There was still little guidance from medical societies and regulatory boards for COVID-19 patient care, according to Grondin.
The team was giving Mayfield high amounts of oxygen, but couldn’t do so for long without harming him, Swift said.
They decided to try prone ventilation, a therapy that the doctors said had been successful in some of their colleagues’ patients, in which Mayfield would be turned onto his stomach.
It had not yet been used with a patient at Rush, Grondin said.
Part of the theory behind it, he said, is to deliver oxygen to areas of the lungs that may not have been getting enough.
A photo taken before the procedure shows the ICU team praying over Mayfield.
As soon as he was in the prone position, Mayfield improved “essentially immediately” and the team was able to rapidly decrease the oxygen on the ventilator, Grondin said.
“That was a great moment for our team and for everyone involved,” Swift said. “Mike’s like a family member, a part of this big team that we work together daily, so it’s like pulling for your brother in that situation.”
Mayfield was discharged on April 28, the day of that celebratory sendoff by his coworkers that was captured on video.
“I’m not an emotional person,” he said, laughing. “I felt a tear coming down, but I really didn’t care.

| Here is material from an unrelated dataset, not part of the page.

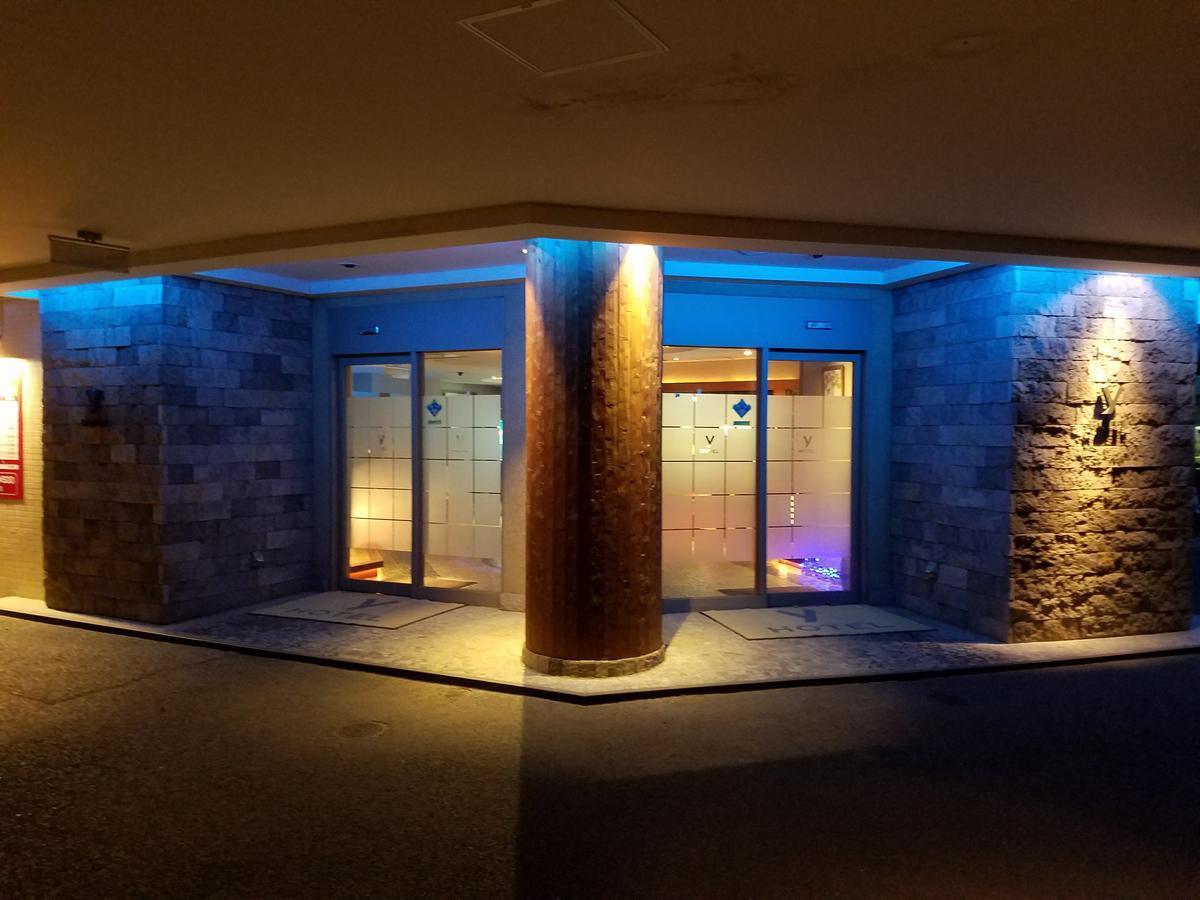 Eight Prince Hotel -Adult Only- Tokorozawa Esterno foto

It was an awesome moment because really, there were days I was laying there in which I couldn’t even lift my hands up. I couldn’t hold a cup of water … There were days I wasn’t sure if it was going to work out that way.”
Home from the hospital, Mayfield was walking again, but he was still battling a cough this week.
He said he had no doubt his care team’s decision to try prone ventilation therapy saved his life.
“They were all awesome,” Mayfield said, of his family, friends, nurses and doctors. “That’s probably the reason I made it through this thing.”